S Corporation Basics

An S corporation is a flow-through company. As a result of being a flow-through company, it means that there are not two layers of taxation as there would otherwise be in a C-Corporation.

While the S-Corporation has its own set of books, basis, depreciation, etc. the S corporation does not pay any IRS tax – aside from certain franchise fees and other State taxes. 

Rather, the income, deductions, charitable contributions, and other gains and losses flow-through to the individual owners specifically on a K-1, which is then issued to each owner, and each owner pays their own respective taxes based on their own individual progressive income tax rate.

International Tax & Offshore Reporting

If the S-Corporation is operating entirely within the United States, with no foreign income and no foreign accounts or investments, then there is nothing to worry about. But, with the ever increasing globalization of the US economy, it is becoming more common for even small S-Corporations to develop business worldwide.

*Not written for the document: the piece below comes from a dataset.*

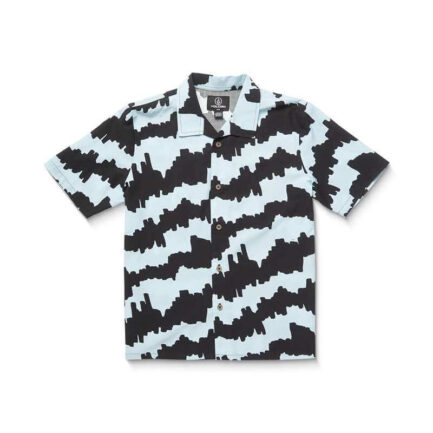 Volcom Boys Cosmic Love S/S Shirt Kid's - Ice Blue (MA444VB8-ICB)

As a result, the business may have income from overseas – and even if they do not yet have income, they may maintain accounts and other assets abroad, which will significantly impact US tax liability and reporting requirements.

**All members of an S-Corporation must be U.S. Residents — no foreign residents are allowed to be members. 

The S Corporation – Worldwide Taxation

When an S-Corporation is a US corporation, it is required to file a US tax return (1120S). Moreover, if the corporation is earning income from overseas, the foreign income must be reported as well.

The Corporation will identify the foreign income on its tax return. This is true, even if the corporation is already being taxed in the foreign country. The Corporation may be able to claim a tax credit of the taxes it already paid abroad, but that does not eliminate the fact that the Corporation must still file a tax return in the US.

There may be some tax benefits, exemptions, and exclusions depending on the specific treaty language with the country(s) that the S corporation is conducting business with (permanent establishment, excluded categories of income, R&D Credits), but it typically does not eliminate the tax; it may reduce the tax or tax it at a different rate, but not eliminate it or exclude it from bring reported to the IRS, even if it is not actually taxed.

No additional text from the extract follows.